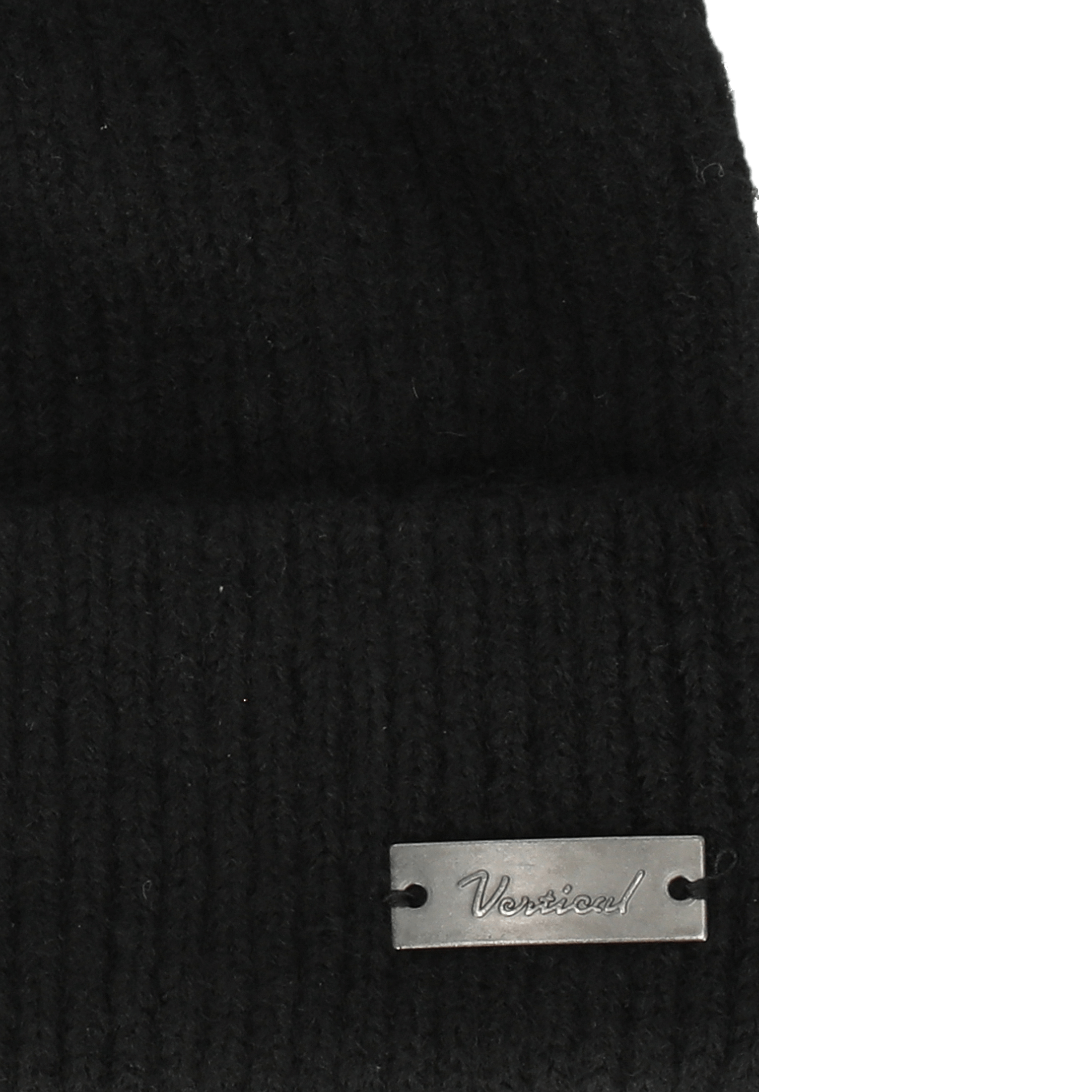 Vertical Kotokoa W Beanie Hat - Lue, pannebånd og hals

---

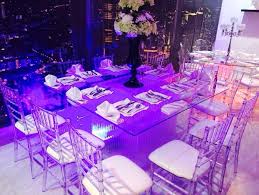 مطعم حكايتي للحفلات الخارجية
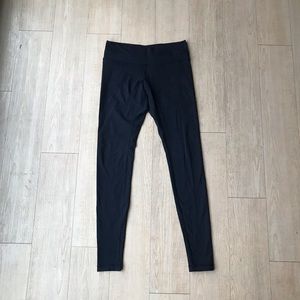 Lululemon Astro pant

---

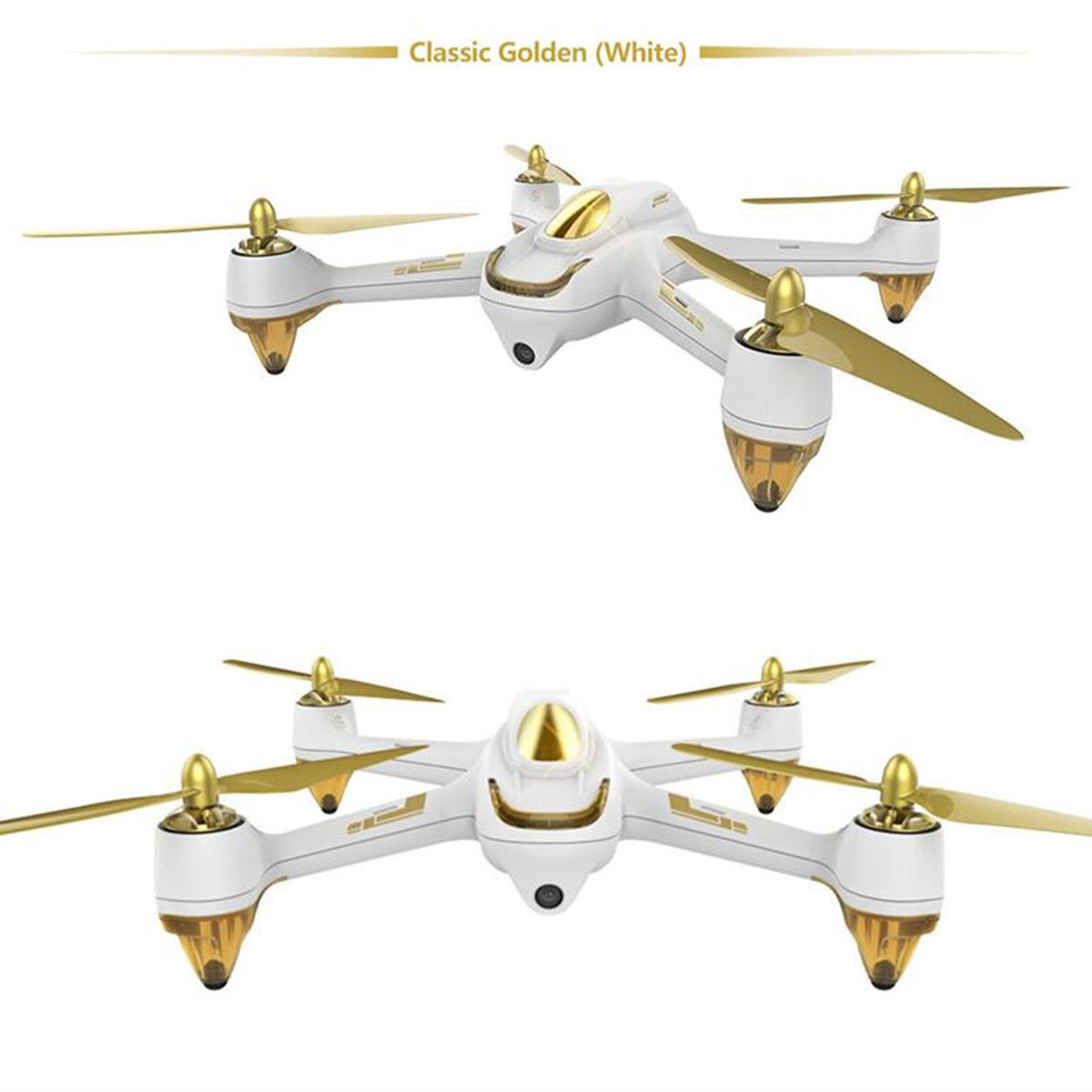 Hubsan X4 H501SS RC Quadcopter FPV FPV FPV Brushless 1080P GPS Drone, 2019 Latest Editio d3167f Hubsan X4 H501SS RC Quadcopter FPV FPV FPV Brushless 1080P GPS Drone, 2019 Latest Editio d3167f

* Exercise details: Copy out the listing above from the line containing "مطعم حكايتي للحفلات الخارجية" to the line containing "Lululemon Astro pant", both included, exactly as written and minus the images.

* Your solution:
 مطعم حكايتي للحفلات الخارجية
 Lululemon Astro pant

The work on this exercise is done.